What the task asks: In the entries below, begin at the line that has "This is how you configure" and stop after the line that has "In this video, we"; output those lines exactly, leaving out pictures.

Supplied data:
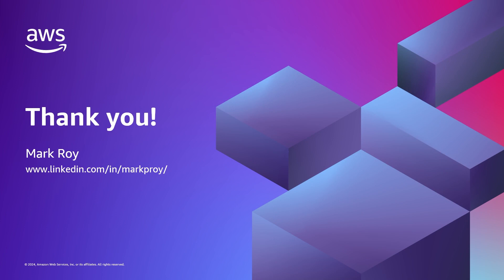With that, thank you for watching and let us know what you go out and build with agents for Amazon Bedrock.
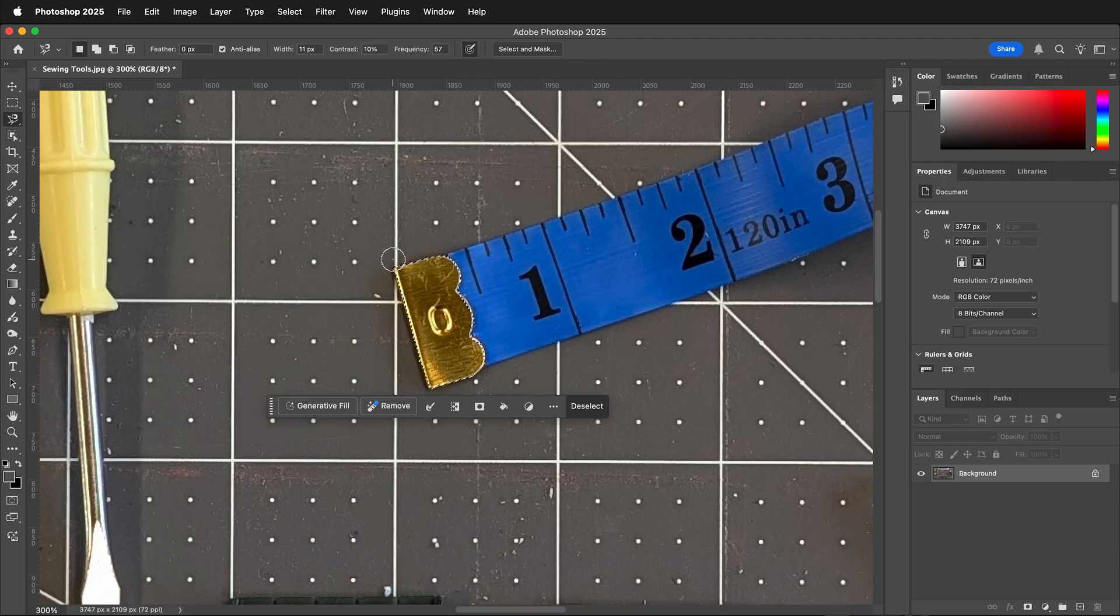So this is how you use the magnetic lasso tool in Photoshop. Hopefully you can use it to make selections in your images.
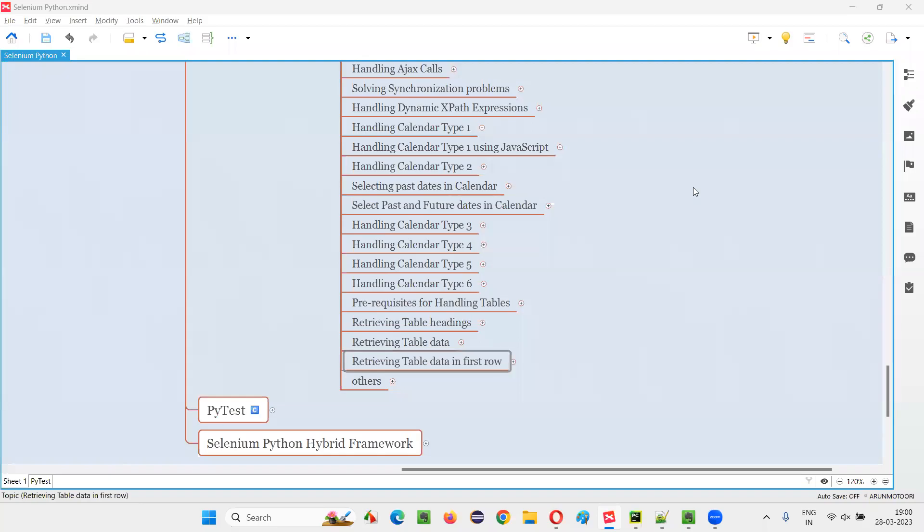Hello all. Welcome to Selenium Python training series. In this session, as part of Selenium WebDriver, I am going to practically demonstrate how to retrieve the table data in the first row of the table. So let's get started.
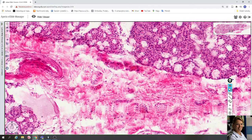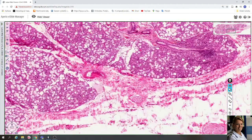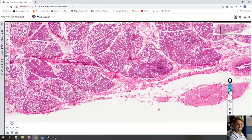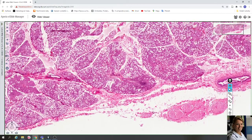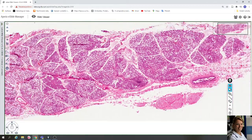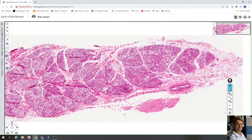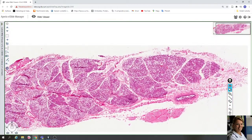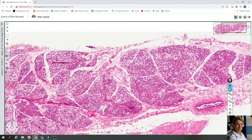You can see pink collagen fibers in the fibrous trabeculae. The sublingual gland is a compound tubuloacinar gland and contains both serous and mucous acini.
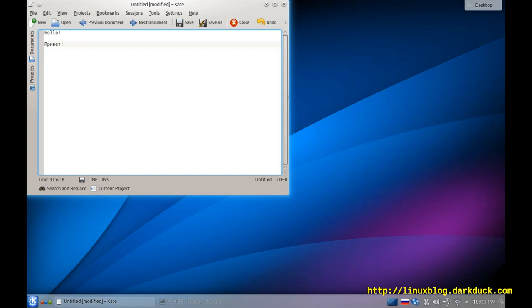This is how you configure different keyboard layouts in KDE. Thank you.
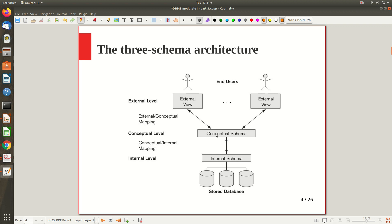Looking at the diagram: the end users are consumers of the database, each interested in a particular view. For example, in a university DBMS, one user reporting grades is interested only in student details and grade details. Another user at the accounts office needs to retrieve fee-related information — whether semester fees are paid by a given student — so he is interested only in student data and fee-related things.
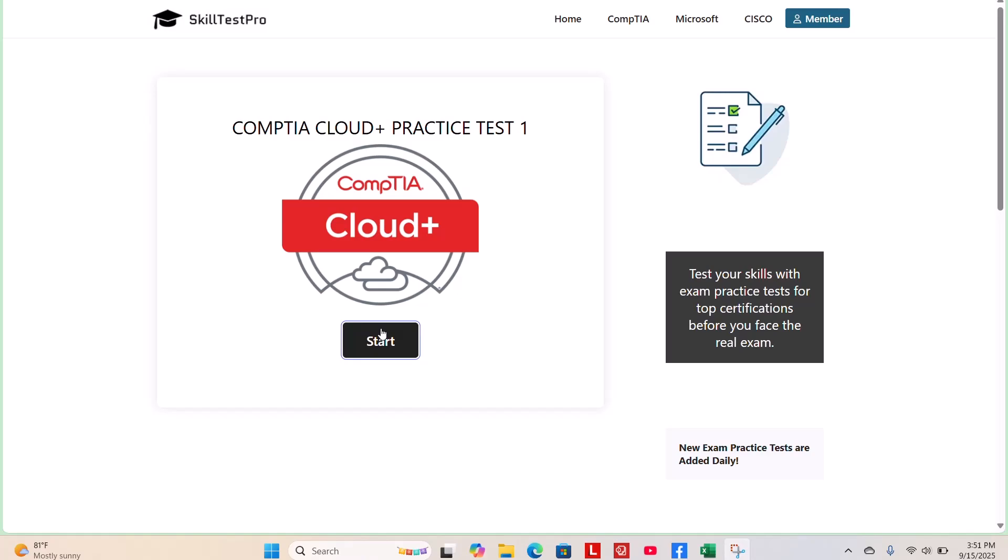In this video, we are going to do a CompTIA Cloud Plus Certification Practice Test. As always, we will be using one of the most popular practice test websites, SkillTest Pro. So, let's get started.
---
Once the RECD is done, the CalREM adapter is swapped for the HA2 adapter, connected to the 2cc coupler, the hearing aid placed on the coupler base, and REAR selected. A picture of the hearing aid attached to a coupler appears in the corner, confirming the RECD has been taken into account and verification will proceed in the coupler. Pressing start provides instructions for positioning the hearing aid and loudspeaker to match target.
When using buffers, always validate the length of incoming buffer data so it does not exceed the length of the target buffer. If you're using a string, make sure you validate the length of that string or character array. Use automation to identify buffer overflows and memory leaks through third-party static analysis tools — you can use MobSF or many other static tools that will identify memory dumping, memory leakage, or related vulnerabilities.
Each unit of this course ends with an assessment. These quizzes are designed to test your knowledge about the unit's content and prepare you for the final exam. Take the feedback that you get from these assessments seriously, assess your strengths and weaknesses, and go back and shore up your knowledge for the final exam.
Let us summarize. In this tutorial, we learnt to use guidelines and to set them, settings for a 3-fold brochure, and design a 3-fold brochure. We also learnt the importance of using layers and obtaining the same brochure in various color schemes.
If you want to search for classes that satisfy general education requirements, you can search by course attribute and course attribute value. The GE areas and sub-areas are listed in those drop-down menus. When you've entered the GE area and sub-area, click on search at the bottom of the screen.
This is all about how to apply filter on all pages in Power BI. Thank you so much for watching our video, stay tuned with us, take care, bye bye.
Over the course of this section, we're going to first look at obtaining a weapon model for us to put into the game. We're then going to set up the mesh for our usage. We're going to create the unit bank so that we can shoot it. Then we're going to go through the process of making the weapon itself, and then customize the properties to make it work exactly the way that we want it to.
...
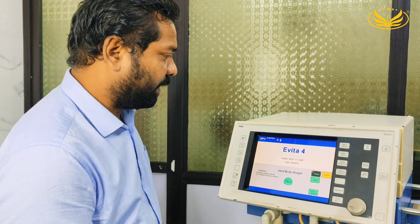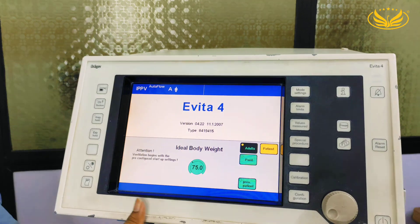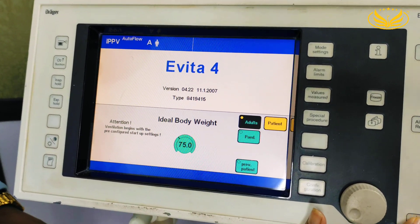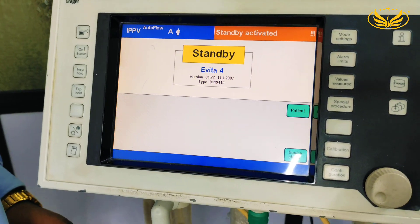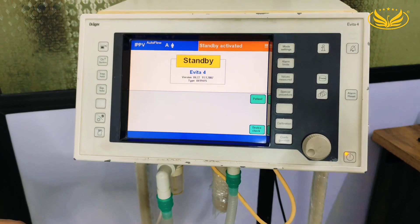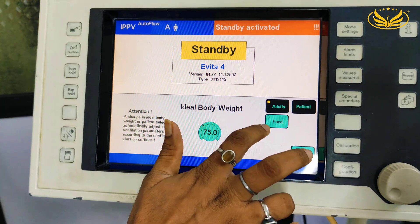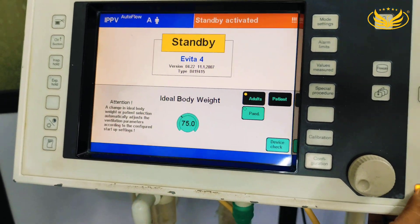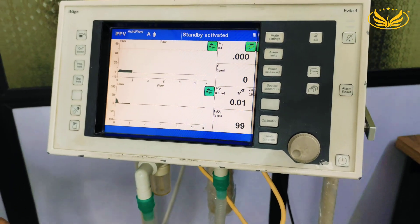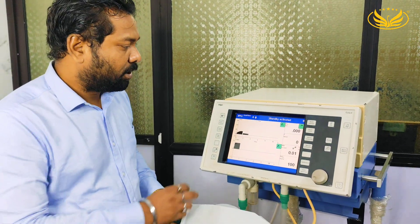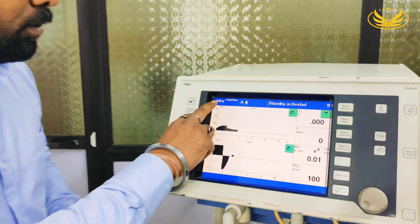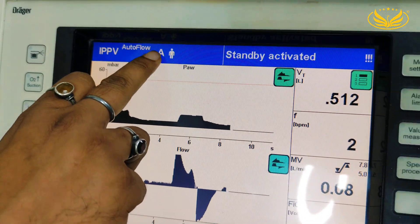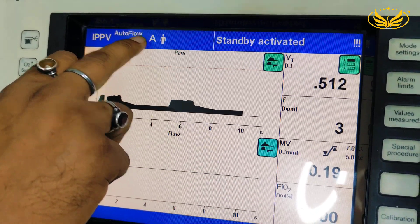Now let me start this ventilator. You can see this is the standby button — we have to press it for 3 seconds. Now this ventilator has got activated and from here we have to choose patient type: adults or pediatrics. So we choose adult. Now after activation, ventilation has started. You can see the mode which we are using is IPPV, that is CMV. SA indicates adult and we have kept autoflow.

Response for this exercise:
This is how you configure different keyboard layouts in KDE. Thank you.
Looking at the diagram: the end users are consumers of the database, each interested in a particular view. For example, in a university DBMS, one user reporting grades is interested only in student details and grade details. Another user at the accounts office needs to retrieve fee-related information — whether semester fees are paid by a given student — so he is interested only in student data and fee-related things.
In this video, we are going to do a CompTIA Cloud Plus Certification Practice Test. As always, we will be using one of the most popular practice test websites, SkillTest Pro. So, let's get started.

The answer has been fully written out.